We’re still in NYC for our next book, but rewind the clock 137 years. “The Witches of New York” starts in the autumn of 1880, and instead of one determined magician, we are greeted by three very different, well-rounded witches.

Compelled by an ad in the paper seeking a shop girl that closes with “those averse to magic need not apply,” Beatrice leaves her small town upstate for New York City. She begins her work at Tea and Sympathy with Adelaide, a fortune teller and Eleanor, a mixer of potions, teas, and all sorts of spells. All three women grapple with their power and what it means to be a witch in a city equally obsessed with technology and seances, superstition and progress.

Hounded by forces both normal and paranormal, Beatrice, Adelaide and Eleanor must find their place in the world while conquering their own fears. “The Witches of New York” has a lot going on, and even though there were parts I wanted to skim through, I found each character enchanting.

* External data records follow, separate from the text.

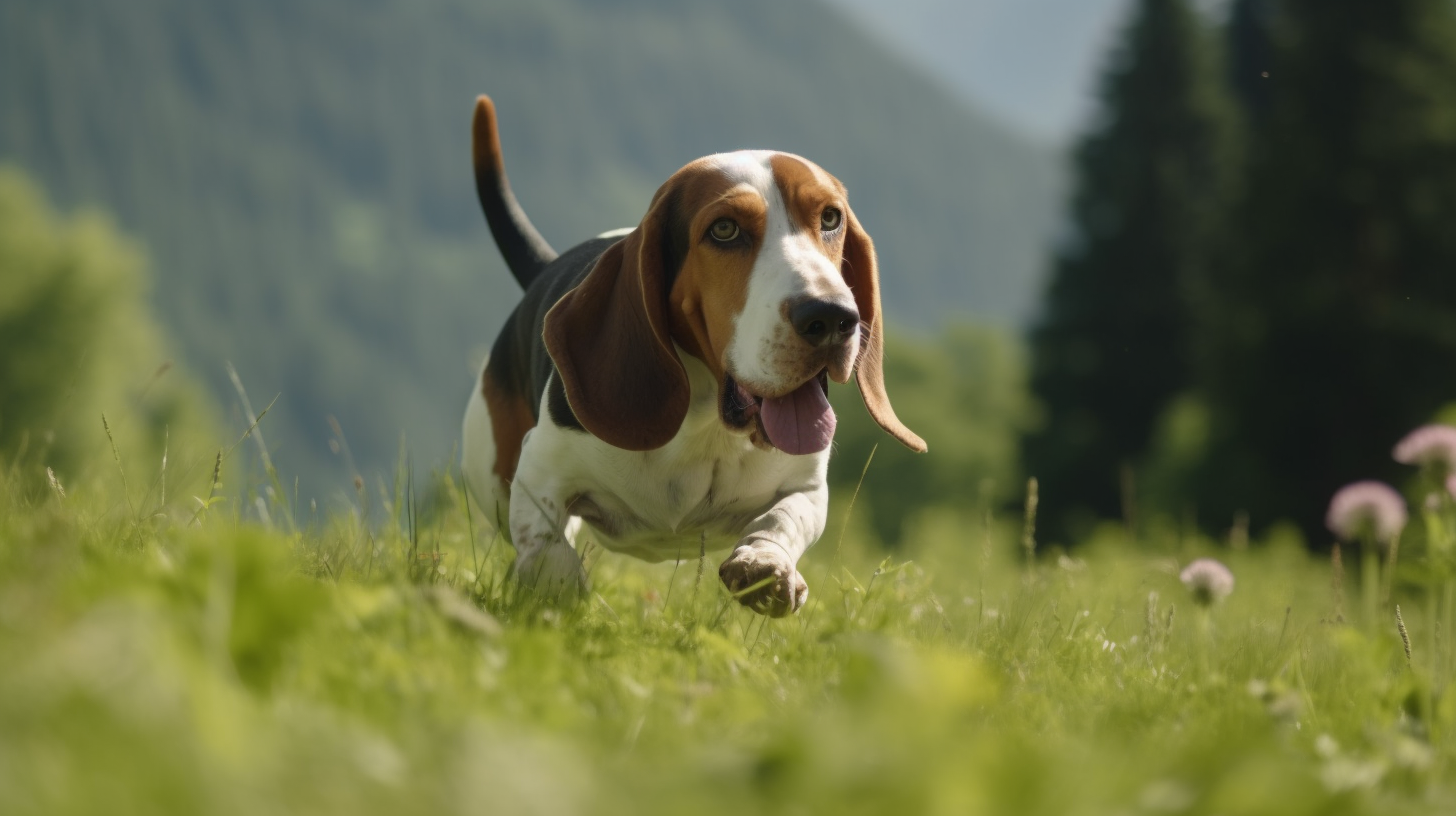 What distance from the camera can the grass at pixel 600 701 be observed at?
133 cm

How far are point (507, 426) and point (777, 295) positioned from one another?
2.00 m

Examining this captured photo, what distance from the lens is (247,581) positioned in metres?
1.79

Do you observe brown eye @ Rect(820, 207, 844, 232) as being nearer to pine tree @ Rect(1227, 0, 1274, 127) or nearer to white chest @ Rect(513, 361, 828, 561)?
white chest @ Rect(513, 361, 828, 561)

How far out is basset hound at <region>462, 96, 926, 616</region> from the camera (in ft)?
11.6

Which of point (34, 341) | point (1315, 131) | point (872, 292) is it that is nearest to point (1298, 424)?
point (1315, 131)

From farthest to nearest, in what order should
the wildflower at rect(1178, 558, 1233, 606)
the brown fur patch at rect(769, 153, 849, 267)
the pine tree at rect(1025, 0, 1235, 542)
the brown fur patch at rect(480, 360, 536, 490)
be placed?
the pine tree at rect(1025, 0, 1235, 542) → the brown fur patch at rect(480, 360, 536, 490) → the wildflower at rect(1178, 558, 1233, 606) → the brown fur patch at rect(769, 153, 849, 267)

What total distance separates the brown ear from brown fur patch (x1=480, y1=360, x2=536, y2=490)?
1.38 metres

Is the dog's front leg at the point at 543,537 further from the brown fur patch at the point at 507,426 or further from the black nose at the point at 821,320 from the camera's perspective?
the black nose at the point at 821,320

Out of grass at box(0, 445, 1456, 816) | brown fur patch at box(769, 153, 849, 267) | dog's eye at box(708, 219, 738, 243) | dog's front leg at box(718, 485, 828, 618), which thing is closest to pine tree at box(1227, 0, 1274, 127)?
brown fur patch at box(769, 153, 849, 267)

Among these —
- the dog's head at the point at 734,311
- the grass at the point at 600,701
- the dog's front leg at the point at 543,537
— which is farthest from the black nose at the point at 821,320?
the dog's front leg at the point at 543,537

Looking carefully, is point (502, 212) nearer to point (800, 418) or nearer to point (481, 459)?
point (481, 459)

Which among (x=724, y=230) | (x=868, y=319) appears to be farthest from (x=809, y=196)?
(x=868, y=319)

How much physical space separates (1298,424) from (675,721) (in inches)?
754

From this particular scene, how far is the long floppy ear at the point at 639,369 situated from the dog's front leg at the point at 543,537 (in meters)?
0.28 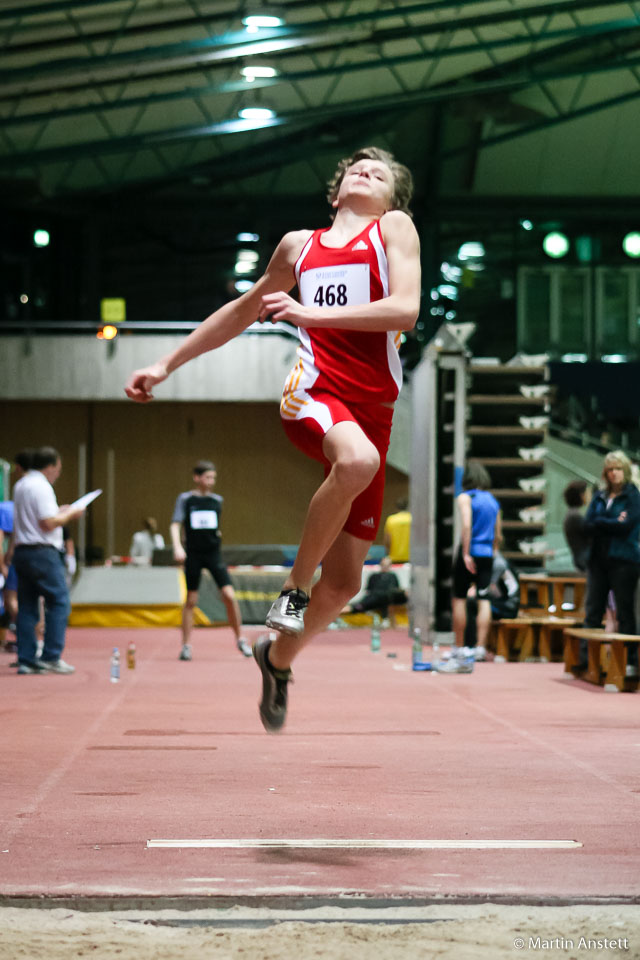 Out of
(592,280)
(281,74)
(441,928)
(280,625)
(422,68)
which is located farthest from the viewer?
(592,280)

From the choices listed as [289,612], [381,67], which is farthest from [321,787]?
[381,67]

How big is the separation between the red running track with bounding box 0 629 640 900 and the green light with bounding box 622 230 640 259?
21773 mm

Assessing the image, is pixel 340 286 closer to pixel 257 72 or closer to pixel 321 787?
pixel 321 787

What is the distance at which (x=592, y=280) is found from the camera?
100 ft

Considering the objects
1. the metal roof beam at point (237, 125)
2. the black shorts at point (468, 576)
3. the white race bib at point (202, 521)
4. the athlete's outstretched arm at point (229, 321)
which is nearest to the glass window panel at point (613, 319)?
the metal roof beam at point (237, 125)

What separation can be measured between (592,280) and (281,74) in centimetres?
1072

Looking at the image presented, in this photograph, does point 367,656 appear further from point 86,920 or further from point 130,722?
point 86,920

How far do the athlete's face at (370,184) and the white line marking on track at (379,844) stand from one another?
2161mm

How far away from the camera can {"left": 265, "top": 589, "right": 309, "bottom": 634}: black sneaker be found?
4.12 metres

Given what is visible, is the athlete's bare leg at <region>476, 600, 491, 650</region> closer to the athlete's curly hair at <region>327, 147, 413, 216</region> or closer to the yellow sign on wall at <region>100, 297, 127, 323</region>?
the athlete's curly hair at <region>327, 147, 413, 216</region>

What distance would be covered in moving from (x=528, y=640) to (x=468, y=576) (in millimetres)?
1472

While “An Unkindness of Magicians” is sleek and wholly its own, McKay’s work dabbles in everything from fairies to Cleopatra’s Needle to tasseomancey (tea leaf reading). It confronts head on the persecution women faced for being “other” and has so many parallels to what women face in current times that it feels modern while being unapologetically eclectic.

There you have it: two fantasy books with women at the forefront. Finding well-developed female protagonists can be a struggle, and there are so many books that I roll my eyes at or don’t finish because the central character doesn’t have depth or isn’t compelling. But Sydney, Beatrice, Eleanor and Adelaide are sure to bewitch you. I have definitely fallen under their spell and can’t wait to escape to their worlds again.

— Lauren Taylor is a youth services assistant at the Lawrence Public Library.